ASSIGNMENT: Whenever a line below includes the word "Hoodie", copy that line.

DATA EXTRACT:
+ + + + +

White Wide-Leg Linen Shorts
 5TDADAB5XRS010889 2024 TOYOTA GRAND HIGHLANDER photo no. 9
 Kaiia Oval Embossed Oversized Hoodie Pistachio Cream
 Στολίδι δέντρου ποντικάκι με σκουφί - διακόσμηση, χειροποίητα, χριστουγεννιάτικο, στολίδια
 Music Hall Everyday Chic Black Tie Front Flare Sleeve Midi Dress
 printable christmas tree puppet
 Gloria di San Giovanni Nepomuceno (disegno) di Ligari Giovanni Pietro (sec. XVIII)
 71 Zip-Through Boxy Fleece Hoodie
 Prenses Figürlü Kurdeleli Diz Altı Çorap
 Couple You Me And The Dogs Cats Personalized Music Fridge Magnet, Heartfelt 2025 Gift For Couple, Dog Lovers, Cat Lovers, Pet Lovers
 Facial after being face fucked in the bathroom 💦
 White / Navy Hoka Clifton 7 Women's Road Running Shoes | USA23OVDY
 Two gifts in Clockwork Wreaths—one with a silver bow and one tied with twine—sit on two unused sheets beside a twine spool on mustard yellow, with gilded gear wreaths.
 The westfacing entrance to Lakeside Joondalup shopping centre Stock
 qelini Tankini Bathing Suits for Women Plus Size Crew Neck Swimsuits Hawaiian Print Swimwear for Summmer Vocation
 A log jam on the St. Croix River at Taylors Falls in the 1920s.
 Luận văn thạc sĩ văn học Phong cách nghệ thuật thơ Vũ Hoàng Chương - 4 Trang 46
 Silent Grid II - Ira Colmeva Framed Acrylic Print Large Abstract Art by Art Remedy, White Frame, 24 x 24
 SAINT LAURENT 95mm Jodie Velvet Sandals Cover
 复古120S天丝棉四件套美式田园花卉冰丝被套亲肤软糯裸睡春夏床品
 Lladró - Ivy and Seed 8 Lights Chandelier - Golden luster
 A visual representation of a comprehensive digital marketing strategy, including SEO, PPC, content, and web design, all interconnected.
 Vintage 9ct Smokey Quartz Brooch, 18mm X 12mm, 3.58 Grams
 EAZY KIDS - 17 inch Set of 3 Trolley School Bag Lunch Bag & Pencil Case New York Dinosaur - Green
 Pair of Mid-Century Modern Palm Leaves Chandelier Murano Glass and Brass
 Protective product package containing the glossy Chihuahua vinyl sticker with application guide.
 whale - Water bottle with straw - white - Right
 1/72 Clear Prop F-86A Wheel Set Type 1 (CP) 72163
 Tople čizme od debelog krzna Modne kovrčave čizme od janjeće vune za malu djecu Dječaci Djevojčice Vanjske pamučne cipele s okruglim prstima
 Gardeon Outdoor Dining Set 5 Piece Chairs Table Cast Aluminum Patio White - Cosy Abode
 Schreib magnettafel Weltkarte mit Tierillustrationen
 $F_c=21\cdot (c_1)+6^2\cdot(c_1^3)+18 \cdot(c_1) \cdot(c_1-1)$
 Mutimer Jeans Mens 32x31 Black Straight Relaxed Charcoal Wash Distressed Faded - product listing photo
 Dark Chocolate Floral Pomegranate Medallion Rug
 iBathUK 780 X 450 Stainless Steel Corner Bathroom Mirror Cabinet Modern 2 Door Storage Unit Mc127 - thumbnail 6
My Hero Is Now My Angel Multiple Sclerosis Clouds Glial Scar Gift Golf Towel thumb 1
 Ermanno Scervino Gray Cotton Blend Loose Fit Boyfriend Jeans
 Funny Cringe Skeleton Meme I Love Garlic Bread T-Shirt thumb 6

+ + + + +

RESPONSE AREA:
 Kaiia Oval Embossed Oversized Hoodie Pistachio Cream
 71 Zip-Through Boxy Fleece Hoodie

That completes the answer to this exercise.